While celebrating my niece’s first month at a traditional dinner with my extended family, I bore additional feelings of guilt, having only visited my sister and her newborn daughter twice since the birth.
I was genuinely happy for my sister and her new family but, as many of my now-married and parenting cousins congratulated me on becoming an uncle, I felt the pressure of the unspoken questions behind their smiles: When is it going to be your turn? How long are you going to wait to make your parents happy? Have you met a nice girl?
To make matters worse, I hadn’t even brought a gift. Sitting across from the gift table, which overflowed with baby clothes, blankets and various other baby-raising accoutrements, I beat myself up for not having the paternal instincts to choose the right gift, despite having repeatedly circled Babies ‘R’ Us over several visits.
Being blissfully ignorant of many of the straight world’s customs was now costing me in my family relationships.
I was working at the bar the night my niece was born. When I showed up early (for me) the next day to visit, I was still shaky and bleary-eyed.
As the father’s family — a warm, wholesome bunch — took turns holding the baby, I broke into a nervous sweat. It occurred to me that I’d never actually held a newborn before.
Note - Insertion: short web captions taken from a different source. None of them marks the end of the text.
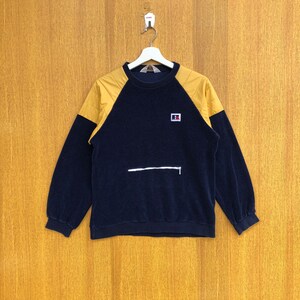 Vintage Russell Athletic Fleece Sweatshirt Small Logo Crewneck Jumper Pullover Sweater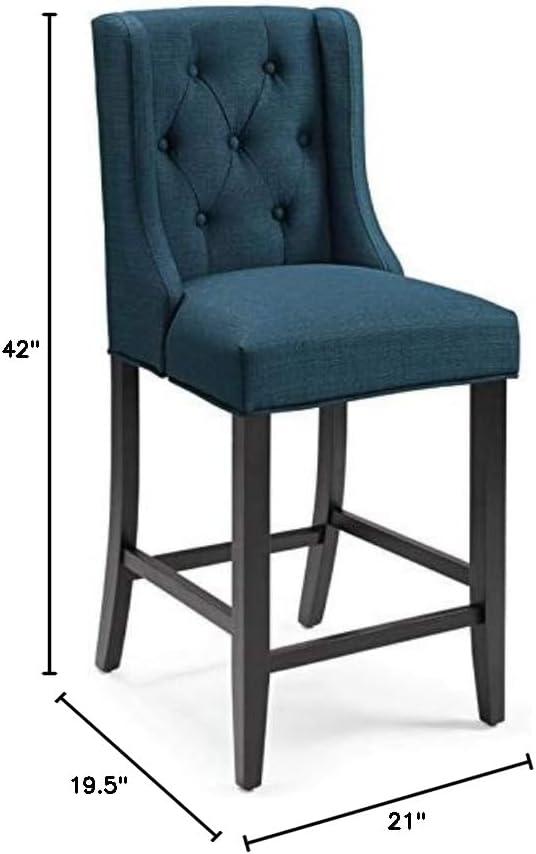 Modway Baronet Tufted Button Upholstered Fabric/Faux Leather Stool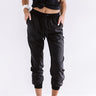 The Grove High Waist Joggers in Black Image - 1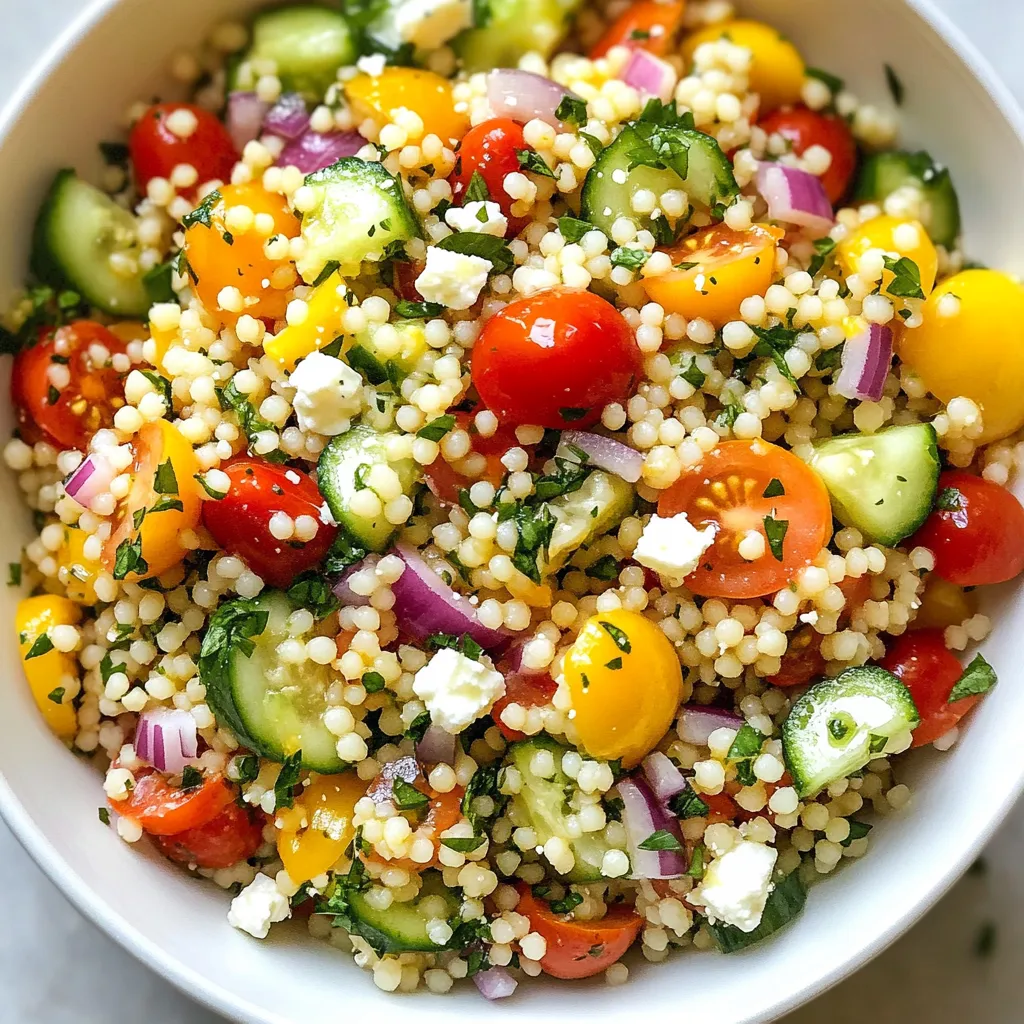Lemon Herb Couscous Salad Fresh and Flavorful Delight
Coming from a night of slinging drinks to randy bar patrons amongst scantily clad go-go dancers, I didn’t feel right holding something so sacred. I felt dirty and unworthy.
My dream of being a great gay uncle slipped further away each day I failed to do something, anything, for my niece.
Then it was time to celebrate the Lunar New Year at my par-ents’ place. I sat beside my niece before dinner, each of us staring at the other, trying to figure each other out.
Assuming all her newborn blue eyes could discern were shadows and blobs, I tried to make my silhouette interesting by waving my arms around my head. Seemingly intrigued, she joined me in waving about, adding her own enthusiastic kicks to the fun. And like that, Uncle Nellie and his niece shared their first New Year’s dance together.
After dinner, the little one started to cry. Not even Grandma’s familiar touch and calls of “Po-po, Po-po” could soothe her. Something moved me to give it a try.
I picked her up under her arms and began bobbing her up in the air. She stopped crying and looked at me pleasantly. Suddenly I felt like the coolest uncle in the world.
As we shared those little moments, all the shame, doubt and self-criticism I’d struggled with lost all meaning. I may not be an expert on family customs, but my own experiences of life and joy inform the unique gifts I have in me to share.
I may not be the perfect uncle, but she seems happy enough to take me as I am.